Всем вам дан я, и вам не отвертеться, ибо вы отданы мне. И длится, пока я желаю, моя ночь. Отпустить вас, когда взойдёт заря? Истинно говорю вам: заря не взойдёт. Начто она теперь? В моих руках и сама ночь становится день.

Я отдаю себя всего борьбе с вами, и она длится, пока длится эта ночь, несмотря на все повреждённые в схватках бёдра. В них мечутся тела свободные, мечитесь и вы, суставные мои мыши, боритесь и вы со мной всеми средствами, откажитесь от ограничений и запретов на неканонические приёмы. Создатель запретов, обитающий на своих высотах в молчании, далёк от вас. Многоречивый я – близок. Он там и ему до вас дела нет, мне есть и я тут. Кроме меня, с вами никого, только я, и больше никто.
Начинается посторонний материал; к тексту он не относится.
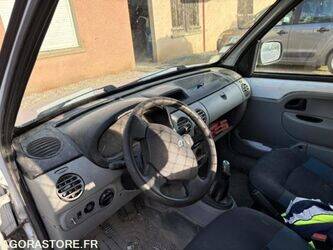 2008-renault-kangoo-1449900-46986007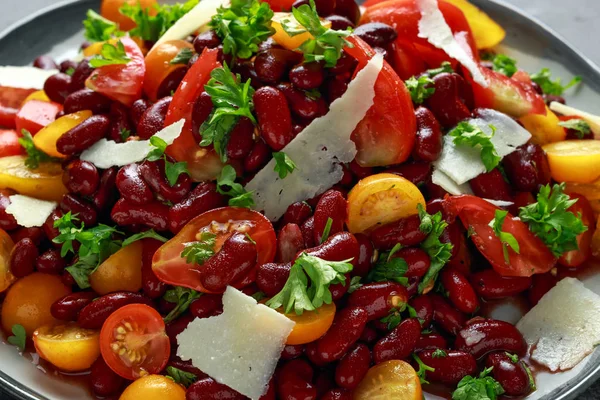 Judías rojas sanas y mezcla de peras rojas y amarillas orgánicas, ensalada de corazón de res y tomates cherry con virutas de queso picorino romano cubiertas con perejil — Foto de Stock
Я тут один, и простирается над вами не серенькая, между той и этой зорями колеблющаяся, двусмысленная ночь, а чёрный зонтик одинокой моей души. Я просекаю в нём каналы, пробиваю сквозные дыры: разверзаются во мне свежие, мои собственные, моим светом просиявшие небеса. Я трижды тяну за свисающую с моей челюсти слюнную верёвочку, и в небесах души моей вспыхивают молодые звёзды, алмазные бра. Многоцветный чёрный день золотой души моей! На неё нельзя смотреть без слёз. Но созданная для себя одной душа и дана не сухим ледяным взглядам – кипящим слезам.

Её одинокий праздник плачевен, подобно увешанной фонариками шхуне качается она на волнах слёз своих и облегчается ими. Покрытый амальгамой душистого сенного пота, облегчённый корпус предоставляет ей соответствующие декорации, свой летающий с гребня на гребень слёзных волн портал. Брызжущий на стены пот наносит и на них серебряный отражающий слой, и зеркальные стены раздвигают границу комнаты, множась друг в друге, и в них размножаются комнатные бра. Выдвигаемые за свои пределы в кружащие вокруг них глубины, углубившиеся за свой край – в запредельные края, углы комнаты наполняют своё новое пространство глубокими вздохами: эхом дыхания распространяющейся туда, далёко, души. Отражаясь там, вдалеке, где кроме неё – никого, от самой себя, она возвращается эхом сюда подобно мощному поршню, и взламывает теперь снаружи, с небес, свои бывшие земные пределы. Так же отразившись от комнатных небес, в зеркальном soffitto, взламывают предельные небеса моего тела тысячи размножившихся бра, и вспыхивают там, и вот, рой голубых и розовых звёзд в теле моём небесном, и гуд их. И мёд их, фиолет небес. Душевная ночь, ночь тысячи зеркал и тьмы бра небесных, и тысячезеркальник на дешёвом, добытом по случаю на барахолке пластиковом столе.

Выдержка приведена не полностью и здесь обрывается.